▸ **Work item**
Below are several entries. Transcribe exactly those lines that fall from the one with "4027 Pleasantburg Dr, Fayetteville, NC, 28312-7633" through the one with "La Bella Costiera", end lines included.

▸ **Supplied entries**
--------------------

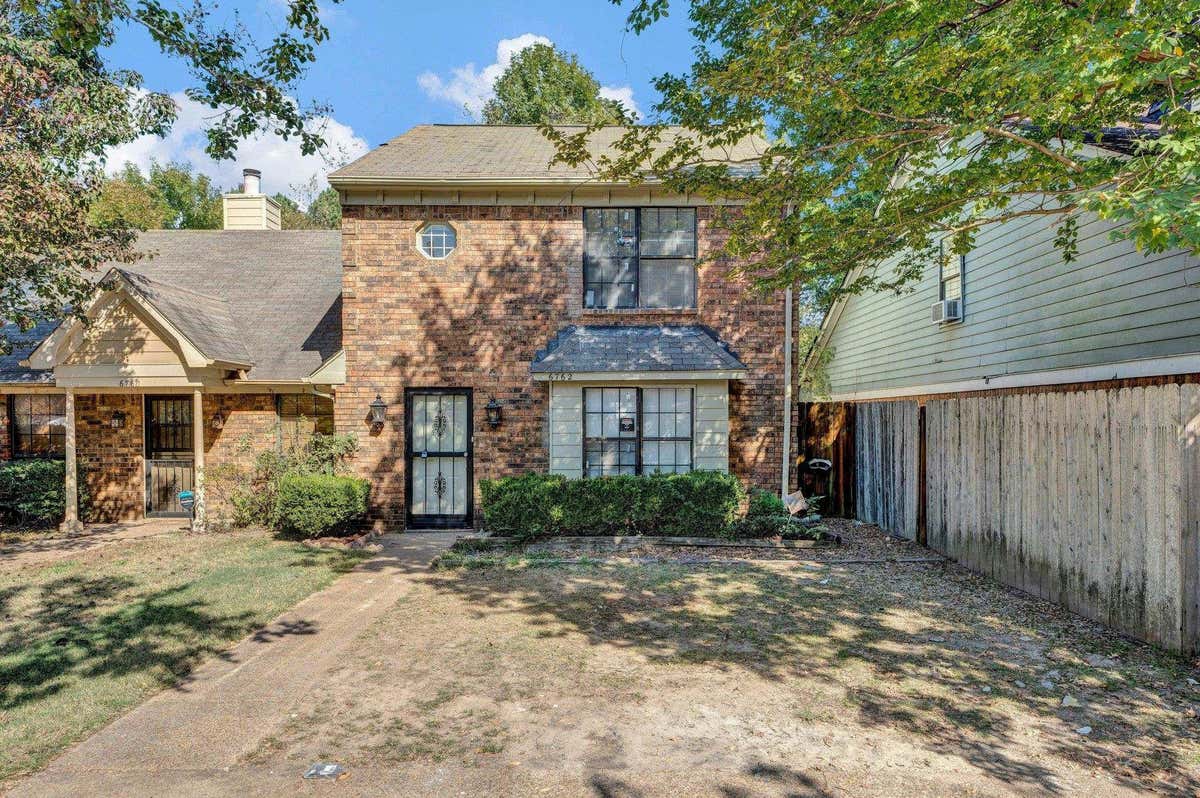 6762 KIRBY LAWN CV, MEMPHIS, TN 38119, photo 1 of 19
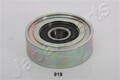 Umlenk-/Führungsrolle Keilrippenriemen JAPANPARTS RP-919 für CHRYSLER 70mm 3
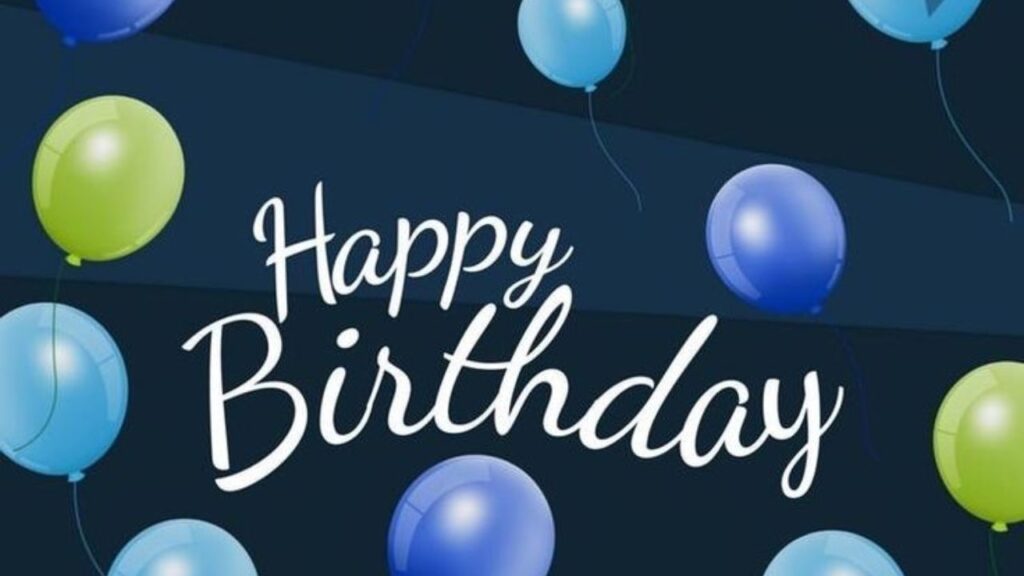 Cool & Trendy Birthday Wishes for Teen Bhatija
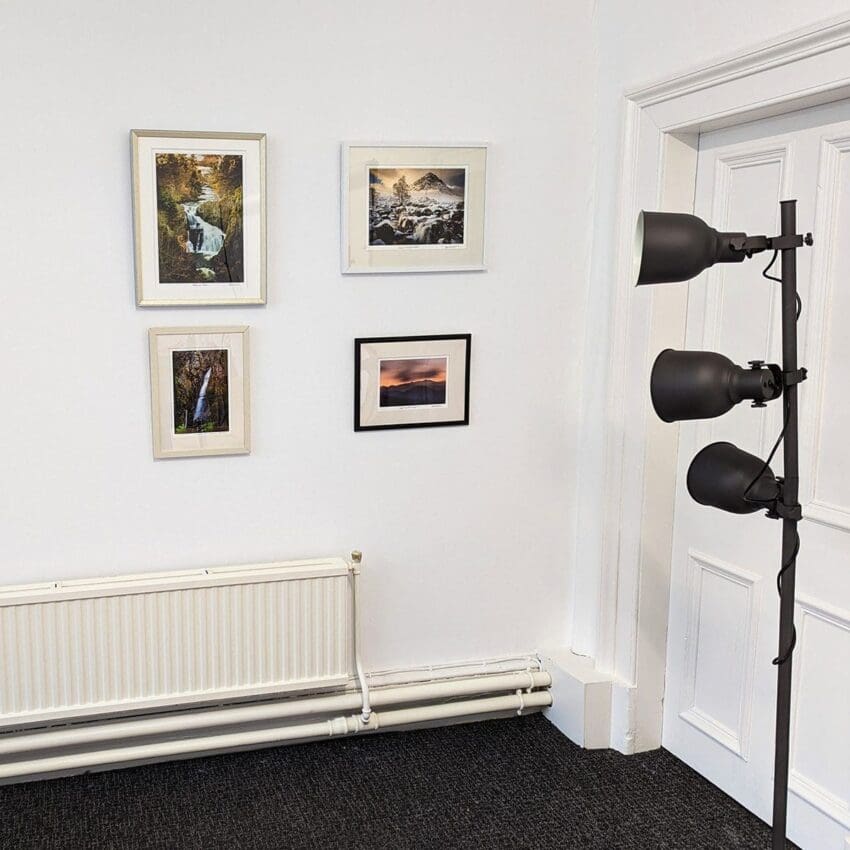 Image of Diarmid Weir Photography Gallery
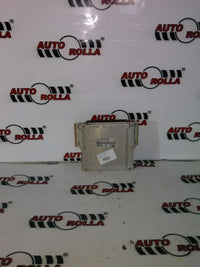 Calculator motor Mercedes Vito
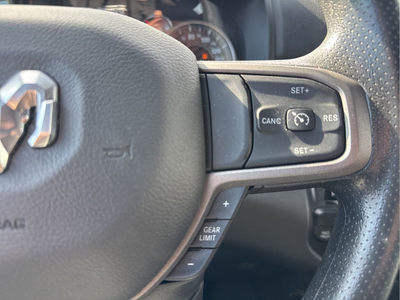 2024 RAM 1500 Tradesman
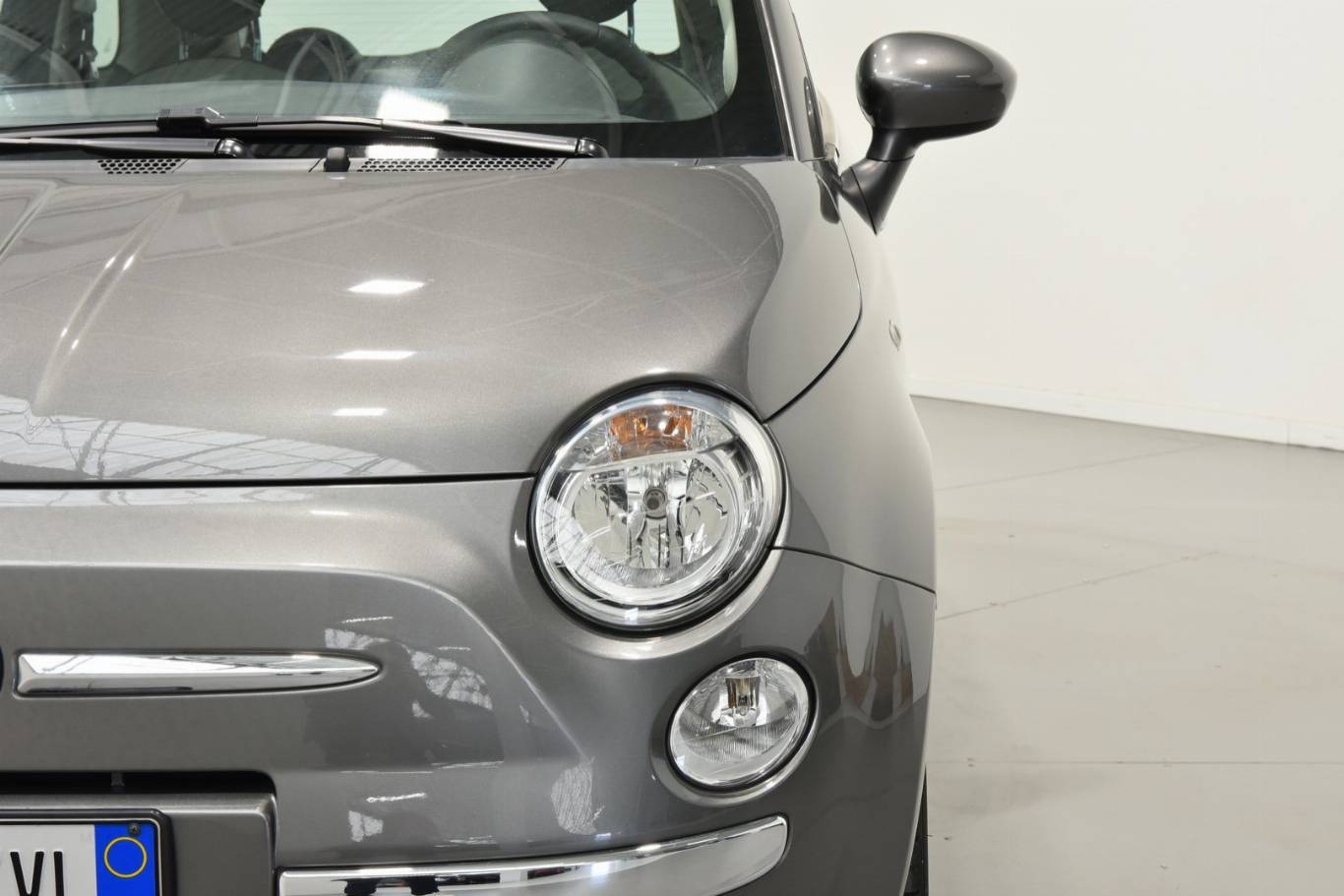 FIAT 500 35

--------------------

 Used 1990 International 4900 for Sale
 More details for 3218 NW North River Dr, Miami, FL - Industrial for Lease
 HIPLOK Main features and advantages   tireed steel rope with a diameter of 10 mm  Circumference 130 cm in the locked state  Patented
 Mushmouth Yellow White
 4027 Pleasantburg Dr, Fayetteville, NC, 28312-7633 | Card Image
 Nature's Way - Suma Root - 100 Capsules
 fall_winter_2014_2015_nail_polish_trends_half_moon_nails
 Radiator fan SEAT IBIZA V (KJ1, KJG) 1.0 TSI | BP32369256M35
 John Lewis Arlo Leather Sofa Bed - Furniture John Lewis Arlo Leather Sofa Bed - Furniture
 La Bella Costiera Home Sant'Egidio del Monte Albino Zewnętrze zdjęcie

--------------------

▸ **Solution for this task**
 4027 Pleasantburg Dr, Fayetteville, NC, 28312-7633 | Card Image
 Nature's Way - Suma Root - 100 Capsules
 fall_winter_2014_2015_nail_polish_trends_half_moon_nails
 Radiator fan SEAT IBIZA V (KJ1, KJG) 1.0 TSI | BP32369256M35
 John Lewis Arlo Leather Sofa Bed - Furniture John Lewis Arlo Leather Sofa Bed - Furniture
 La Bella Costiera Home Sant'Egidio del Monte Albino Zewnętrze zdjęcie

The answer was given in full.